# Battery References



## EEVA PE (Sep 5, 2011)

I notice the reference books that I have are a little light on battery technology. There seems to be battery type questions on the sample exams that I am having difficult with and lack the references to look it up. Does anyone know of a good reference that I should add to my collection. I hate to go online and purchase a battery technology text book because it had a pretty picture on it. Looking forward towards any recommendations.


----------



## EEVA PE (Sep 16, 2011)

EEVA said:


> I notice the reference books that I have are a little light on battery technology. There seems to be battery type questions on the sample exams that I am having difficult with and lack the references to look it up. Does anyone know of a good reference that I should add to my collection. I hate to go online and purchase a battery technology text book because it had a pretty picture on it. Looking forward towards any recommendations.

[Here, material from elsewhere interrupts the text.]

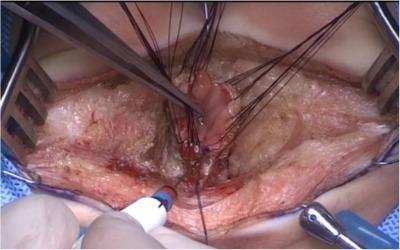 Descriptive text is not available for this image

I got the battery book with the pretty cover (Linden's Handbook of Batteries), I hope I made the right choice. I used the book for the first time today to solve a battery question, NCEES Sample Question #124 even though I know the answer in my sleep from trying to solve it 4 other times. I was able to get the answer from just using the book. So far the book is 1 for 1. I was able to eliminate 3 of the answers from the material in the book leaving me with the right answer. I will update this post over the next few weeks as I attempt other sample battery exam problems and let you know how this book performs for me as a reference.


----------



## ElecPwrPEOct11 (Sep 22, 2011)

EEVA said:


> EEVA said:
> 
> 
> > I notice the reference books that I have are a little light on battery technology. There seems to be battery type questions on the sample exams that I am having difficult with and lack the references to look it up. Does anyone know of a good reference that I should add to my collection. I hate to go online and purchase a battery technology text book because it had a pretty picture on it. Looking forward towards any recommendations.
> ...


I was similarly befuddled by this battery question on the NCEES exam. I guessed (incorrectly). The Power Reference Manual has almost nothing on batteries, as do my other references. It sounds like the Linden book was helpful for this one question. Have you found more battery questions on other sample exams? (I haven't taken the NCEES PM yet.) I have a really hard time spending $100 on a battery book where there might be 3 battery questions on the whole exam. Thanks for any more feedback.


----------



## EEVA PE (Sep 22, 2011)

ElecPwrPEOct11 said:


> EEVA said:
> 
> 
> > EEVA said:
> ...



The afternoon NCEES sample exam does not have any battery questions. There are not too many battery questions among the sample examples. I bought the book for more of a " peace of mind ". One less topic to worry about. I doubt the book will come in handy during the exam, but if they throw an odd ball battery question, i will not fumble and know where to look (My $100 book with the pretty cover).


----------



## ElecPwrPEOct11 (Sep 23, 2011)

Fair enough, it might be worth it. I'll be scrounging the interwebs for random battery articles over the next couple weeks.


----------



## Messi (Mar 14, 2019)

Can anyone comment which Topics to review from Linden book for the batteries ? I definitely dont have the time to go over the whole book


----------